View Full Version : ‘Mermaid bones’ from 13th century keep legend alive in Fukuoka

17th February 2017, 22:46

Bones kept at Ryuguji temple’s main hall in Fukuoka’s Hakata Ward are said to be from a mermaid
that was buried in 1222 and dug up in the Edo Period (1603-1867).

FUKUOKA--The main hall of a legendary temple here surrounded by modern multistory buildings contains bones believed to be from a mermaid that washed ashore in the 13th century.

Ryuguji temple in Fukuoka’s Hakata Ward has preserved the “mermaid bones” for almost eight centuries, and visitors can see them in person if they make an appointment by phone.

According to the legend, which is even mentioned on a Hakata tourist map, a mermaid was buried in a temple in the ward after it washed up at a wharf in the Hakata area of medieval Japan on April 14, 1222, on the southern island of Kyushu.

Abe-no Otomi, an “onmyoji” shaman who was known to have great divination abilities, said the emergence of the mystical creature was “a good omen for the long prosperity of the nation.”

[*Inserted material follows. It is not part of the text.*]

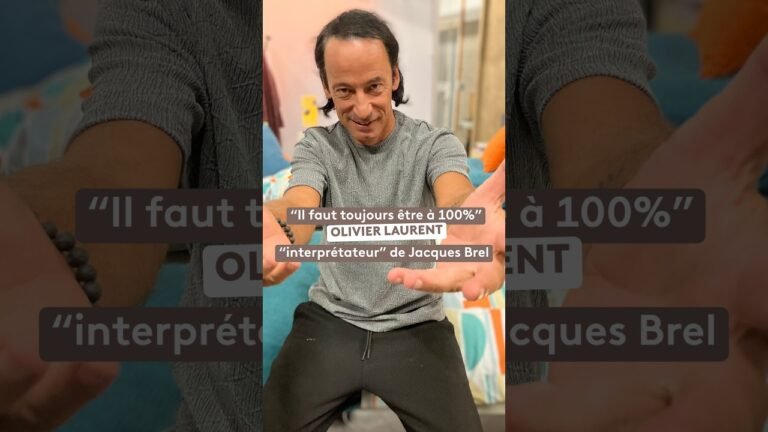 #Confidences : Olivier Laurent à 100% pour redonner vie à Jacques Brel dans « BREL ! Le spectacle »
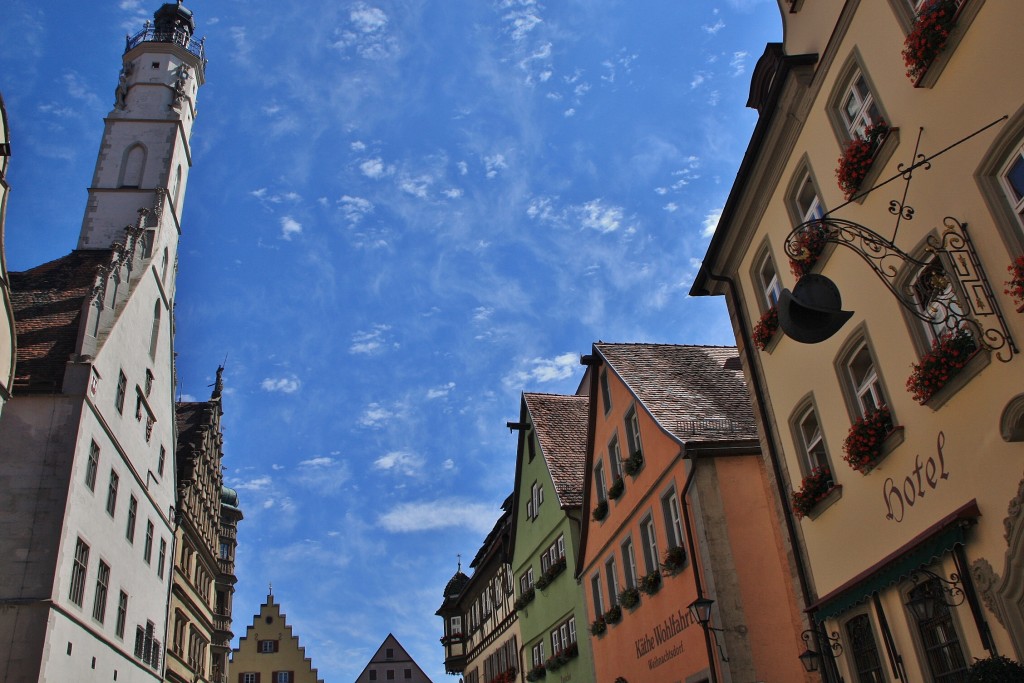 Foto: Centro histórico - Rothenburg ob der Tauber (Bavaria), Alemania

Based on the shaman’s words, the mermaid was buried in Ukimido, a hall next to the main one dedicated to the Kanzeon Bodhisattra. Ukimido was later called Ryugu-Ukimido because people believed the mermaid must have come from Ryugu, a mystical palace where the dragon god of sea resides at the bottom of the sea.

Ryugu-Ukimido is now part of Ryuguji temple.

The temple is located on Taihaku-dori avenue, the main street stretching from busy JR Hakata Station, a terminal for two Shinkansen lines and many local trains.

A stone monument at the temple carries the engraving “Ningyo-zuka” (mermaid grave), indicating that a mermaid was once buried there.

Ryusei Okamura, 65, the chief priest of the temple, showed the set of bones in the main hall, where they are usually kept.

According to a description text provided, the bones are believed to be from a “mermaid excavated from the premises of Ryuguji temple.” Another line said, “All of them are considered to be of some mammals.”

Only six pieces of the bones, which are said to have been dug up between 1772 and 1781, remain today.

The surface of one of the larger pieces looks like wood. Many of them have glossy surfaces, apparently caused by the polishing effect from visitors touching them.

The temple also has a scroll of a mermaid believed to have been painted in the Eiroku era (1558-1570) of the Muromachi Period.

Until the Meiji Era (1868-1912), Ryuguji temple had offered visitors water used to soak the mermaid bones at a summer festival. Drinking the water was believed to ward off epidemics.

The natural question in all of this is: Are the bones really from a mermaid?

Naysayers say mermaids in legends around the world are probably the result of dugong sightings.

Yoshihito Wakai, vice director of the Toba Aquarium in Toba, Mie Prefecture, the only aquarium in Japan to have a dugong, looked at photos of the mermaid bones.

“I cannot say anything definitively,” said Wakai, an expert on dugongs. “I think it’s better to keep a legend a legend.”

Serena, the dugong at the aquarium, is about 2.6 meters long and weighs around 380 kilograms. Her pool is called Mermaid Sea. She was a gift from the Philippines almost 30 years ago.

The northernmost dugong habitat around Japan is said to be seas around Okinawa Prefecture, south of Kyushu.

The temple’s mermaid bones may have come from a finless porpoise that swims up to the Seto Inland Sea between Kyushu and the main islands of Shikoku and Honshu, as well as waters off the northern coasts of Fukuoka Prefecture.

Wakai looked at finless dolphins in a tank at the aquarium, and the mammals looked back.

“Their bearing resembles human, doesn’t it? Many sea creatures can be mistaken for mermaids,” he said.